→ **Activity**: Once you find the line with "RARE - ARTHUR" in the entries below, print it and each line after it up to and including the line with "Brown Shawl Ruch", exactly, without pictures.

Segment Start: Information supplied

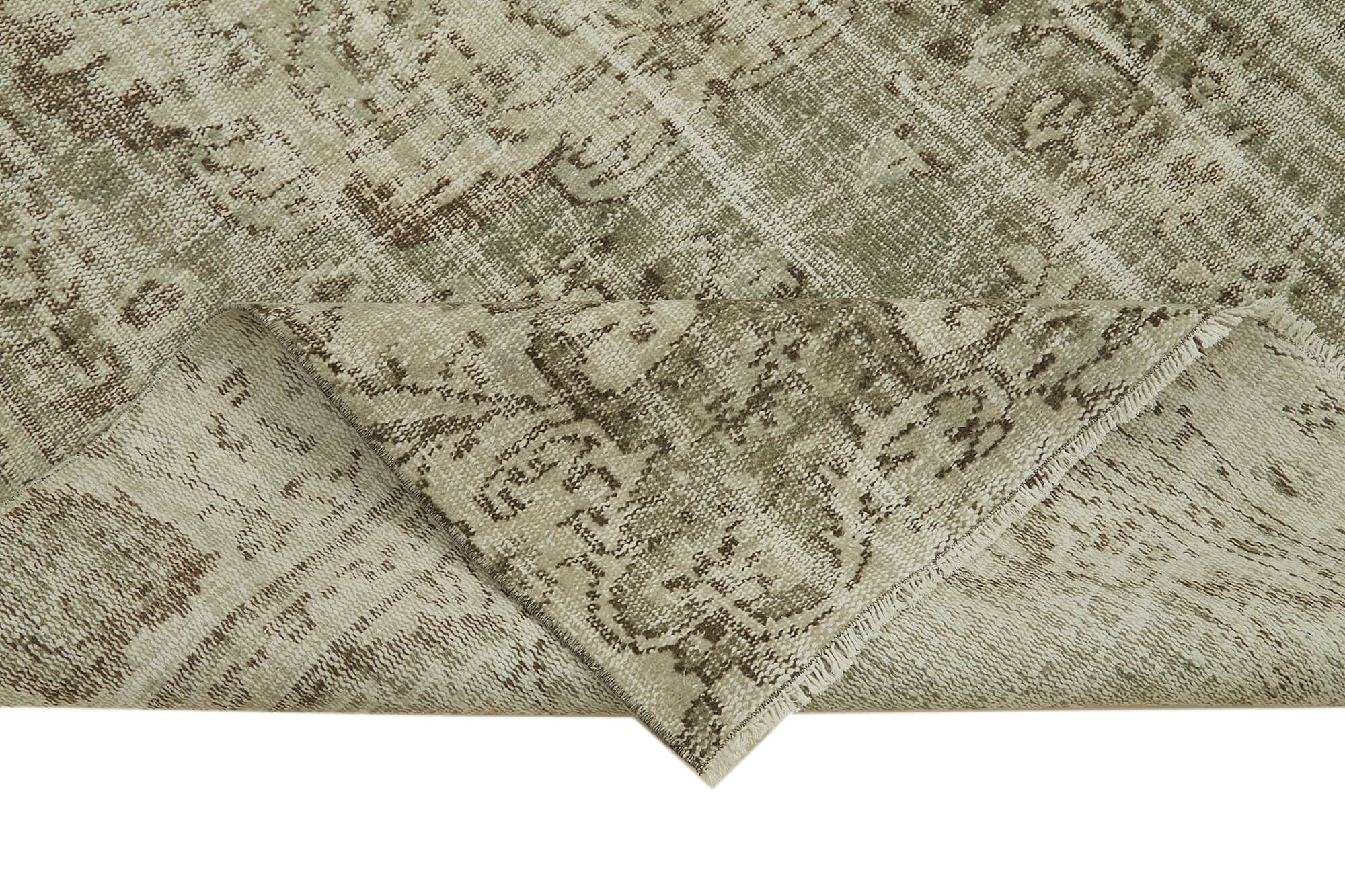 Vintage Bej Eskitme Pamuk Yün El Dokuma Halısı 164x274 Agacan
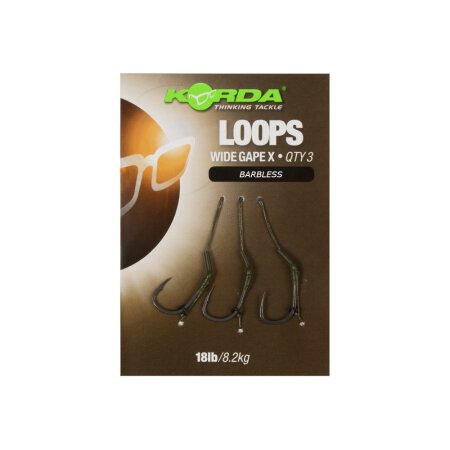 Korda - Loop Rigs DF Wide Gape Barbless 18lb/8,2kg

Segment End: Information supplied
Segment Start: Information supplied

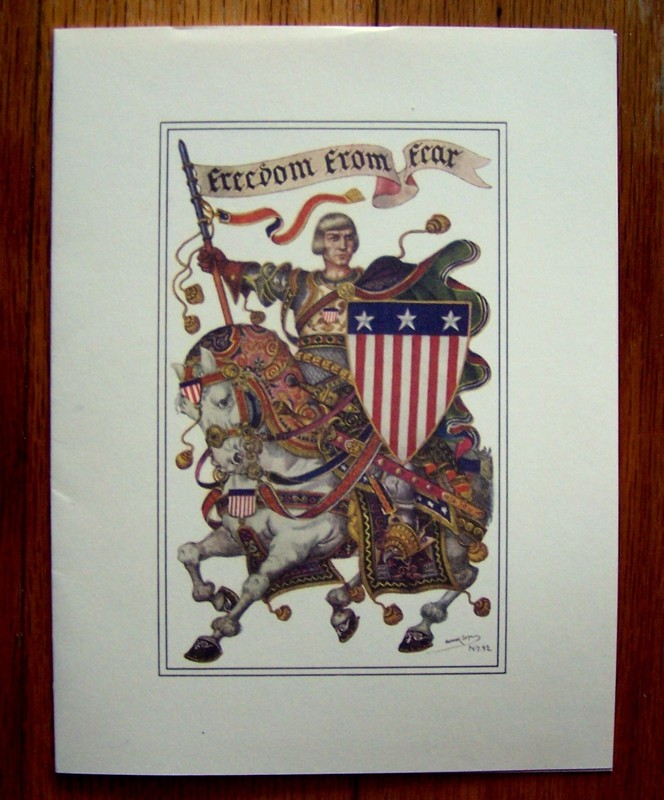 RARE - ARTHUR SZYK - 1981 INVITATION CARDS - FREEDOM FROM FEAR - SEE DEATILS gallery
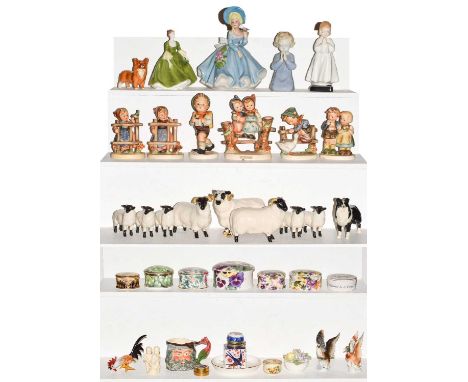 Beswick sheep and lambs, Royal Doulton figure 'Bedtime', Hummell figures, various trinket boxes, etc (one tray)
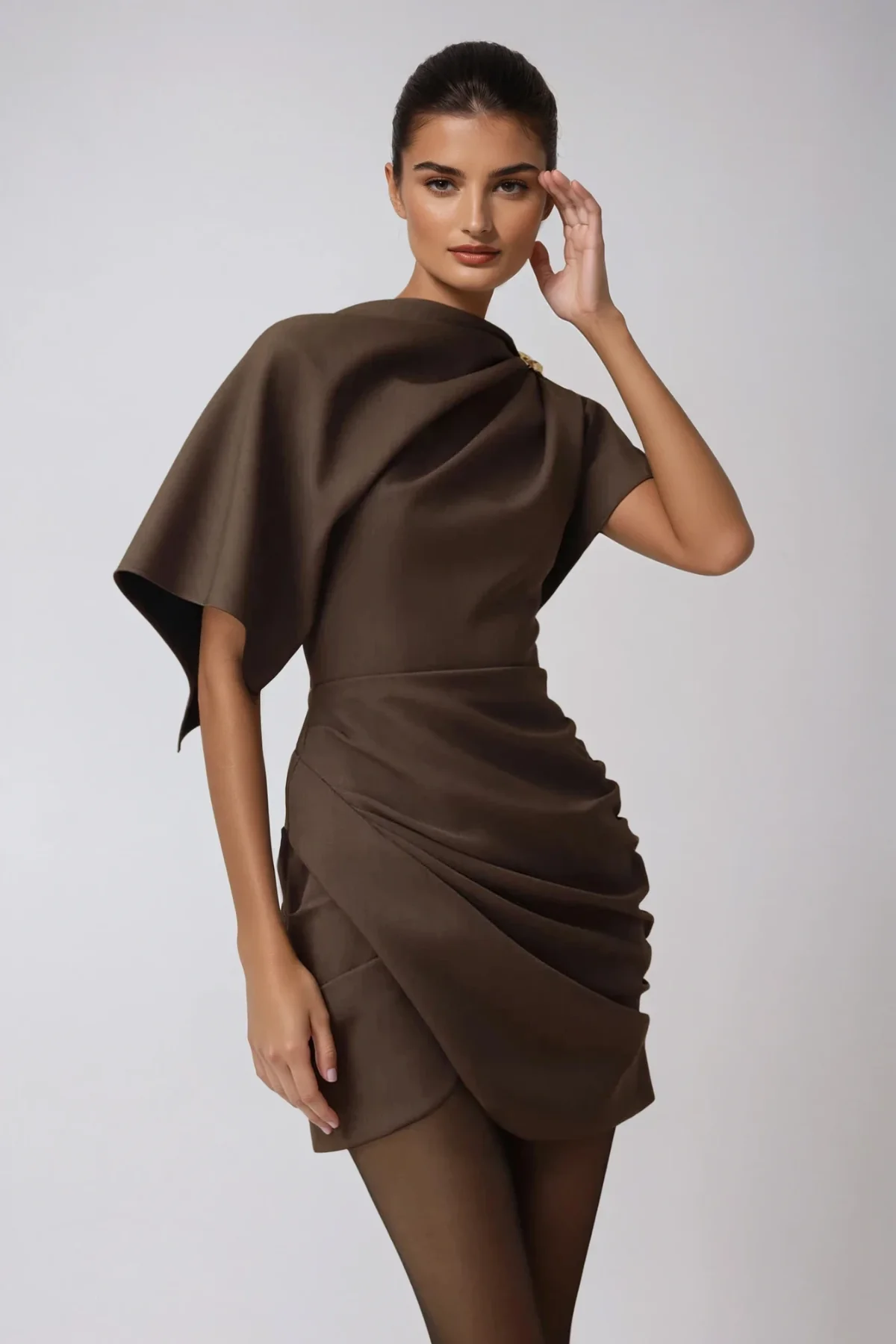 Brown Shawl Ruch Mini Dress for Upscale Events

Segment End: Information supplied
Segment Start: Information supplied

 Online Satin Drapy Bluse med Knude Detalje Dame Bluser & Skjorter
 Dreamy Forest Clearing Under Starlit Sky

Segment End: Information supplied

→ **Solution for this problem**:
 RARE - ARTHUR SZYK - 1981 INVITATION CARDS - FREEDOM FROM FEAR - SEE DEATILS gallery
 Beswick sheep and lambs, Royal Doulton figure 'Bedtime', Hummell figures, various trinket boxes, etc (one tray)
 Brown Shawl Ruch Mini Dress for Upscale Events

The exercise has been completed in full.